I won't discount the risks associated with electronic voting and electronic machines in general, but 40% of "wrong" votes are almost impossible to miss with the most rudimentary checks. Eg. if 60% of paper ballots have a ratio swinging 4 to 1 one way, and 40% of electronic votes have a ratio swinging 4 to 1 the other way (this is commonly done in any statistical endeavour to detect correlations, and much smaller effects can be noticed), any observer and participant in the elections can notice that when looking at the final tally, as long as there is a breakdown by the type of vote submission as well (which is already done for things like mail-in votes).

And if a vote is swinged completely against the actual public vote, you'll only end up with either a quick drop of the electronic system (which all the IT providing companies like MS or Intel would hate to see happen, which is an incentive for them to not interfere), or angry mobs hitting the streets.

Basically, what you are left with is influencing the outcome so that what would have been a 51-49 winning party is now a 49-51 losing party. Yet there are other "unfair" ways to achieve that even today that are not as involved as hacking the entire electronic voting system (as I mentioned, media manipulation being the key one, or providing benefits to vote a particular way or...).

So yes, ultimately, everything can go wrong, but no, it won't because there are safeguards against that happening regardless of the method of voting.


You underestimate how large a manipulation could go undetected. [1] shows an election with a 28-41 win for Patrick, while the poll showed a 37-31 win for Dewhurst. That's a 10% absolute swing, and 25% relative. And the less attention an election gets from pollsters, the bigger the margin for error and manipulation.

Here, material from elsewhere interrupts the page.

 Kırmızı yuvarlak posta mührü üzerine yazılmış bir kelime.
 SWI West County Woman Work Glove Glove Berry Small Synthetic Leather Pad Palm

Changing too many votes, to make people doubt the legitimacy of the election, is itself a powerful attack to sow division in a country. I'm sure I don't need to cite examples...

And then what is even the point of formal voting, if, when done online, it's a centralized way for an adversary to change results, and is only legitimized by reproducing results of informal polls (conducted by public research firms we trust, of course...) We may as well skip elections and use the polls directly.

I agree there are many other ways to manipulate voters, so let's not expand that list further.

[1] https://www.texastribune.org/2014/03/06/polling-center-poll-...


We seem to be discussing different scenarios.

In my example, a formal vote is partially done electronically, and partially through paper votes: large discrepancies in results between those two groups could be indicative of interference (small variation is to be expected). I am not talking of unofficial polls which can never produce a representative sample of people.

Point of formal voting is to elect a government that the majority of voters prefer. Many countries have a problem with voter turnout, so you rarely get any one party or coalition winning more than 20-30% of the eligible votes, yet they get majority control of the government.

Point of electronic voting should be to increase the turnout without decreasing the trustiness. It's not an easy problem to solve, but it's not insurmountable.

Electronic votes can be decentralized as well: final tallying is centralized with any approach, but it can similarly remain open to questioning.